Pictures aside, every line of the listing should be given again exactly.
[GIVEN MATERIAL Boundary: Start]
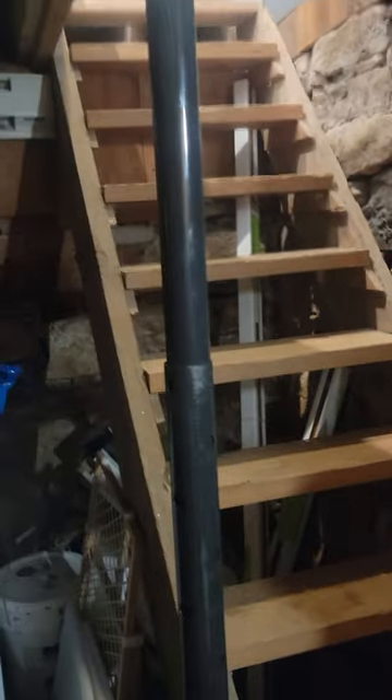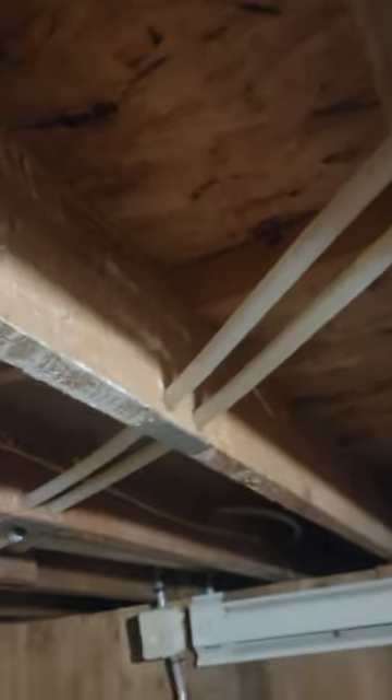There's a post, and you have access to water lines down here. Yeah, it's pretty neat.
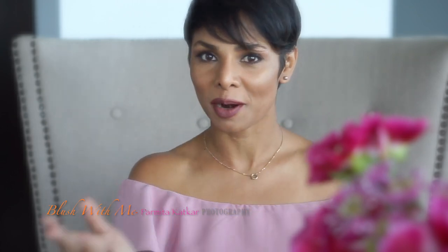Hi! Welcome to Blush With Me with Parmita. Variety is the spice of life. To me it is as essential as trying anything new — it could be new travel destinations, different kinds of food, meeting different kinds of people, trying different kinds of workouts, so on and so forth.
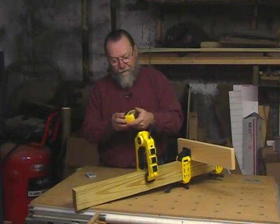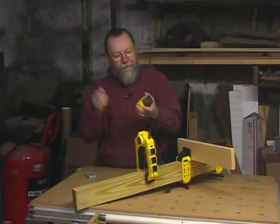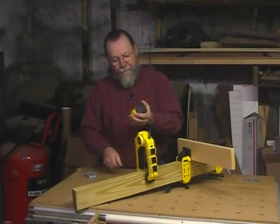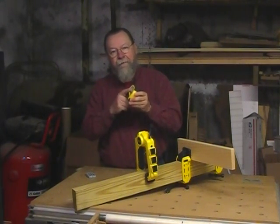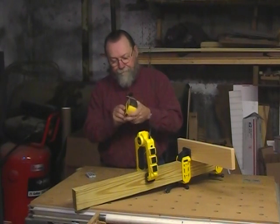The real convenience of it is that it has this write-on surface here, so you can take a pencil and write your measurements right on the surface. Then you can just wipe it off when you're done. Writing the measurements down, you have just what you need right there where you need it.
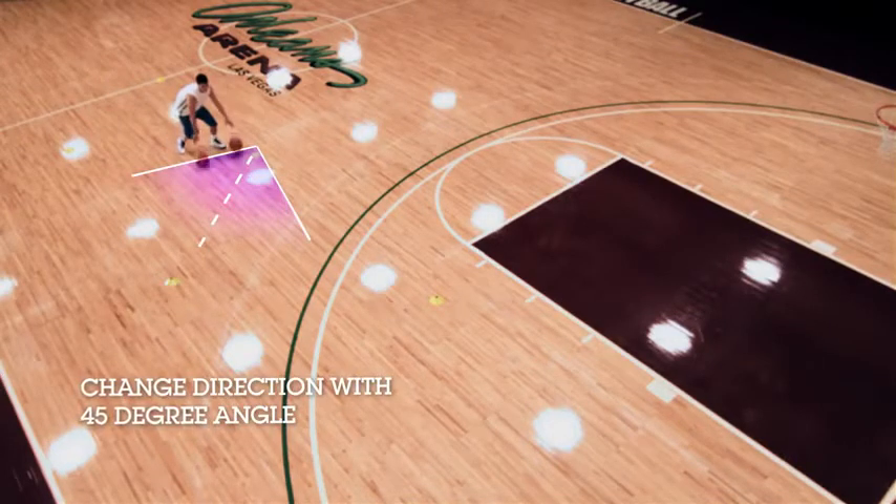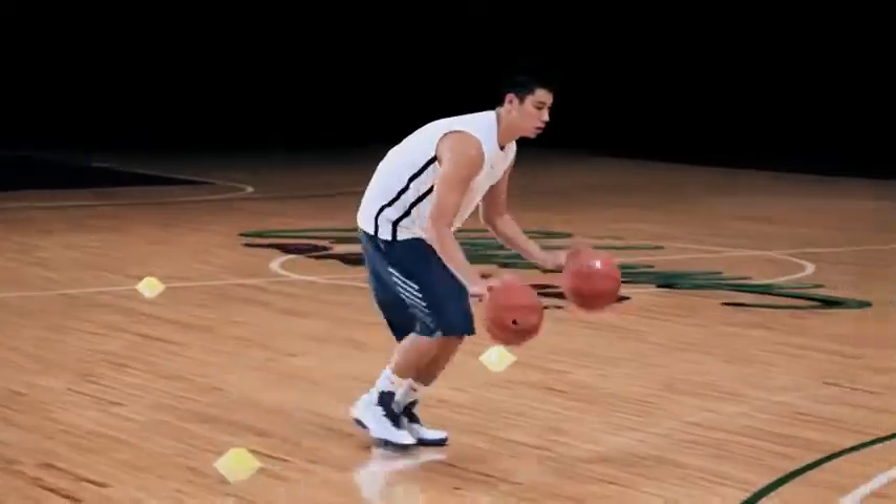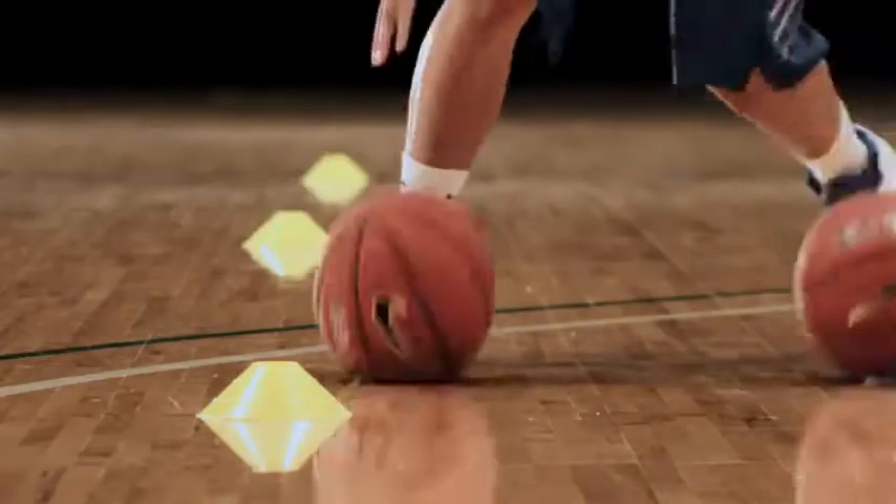Try to go to a 45-degree angle just as you're going up the court trying to get by your defender. If I can really go one way, stop on a dime, and then just go the other way, that's going to make my move more effective.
[GIVEN MATERIAL Boundary: End]
# COMPLETED EXERCISE:
There's a post, and you have access to water lines down here. Yeah, it's pretty neat.
Hi! Welcome to Blush With Me with Parmita. Variety is the spice of life. To me it is as essential as trying anything new — it could be new travel destinations, different kinds of food, meeting different kinds of people, trying different kinds of workouts, so on and so forth.
The real convenience of it is that it has this write-on surface here, so you can take a pencil and write your measurements right on the surface. Then you can just wipe it off when you're done. Writing the measurements down, you have just what you need right there where you need it.
Try to go to a 45-degree angle just as you're going up the court trying to get by your defender. If I can really go one way, stop on a dime, and then just go the other way, that's going to make my move more effective.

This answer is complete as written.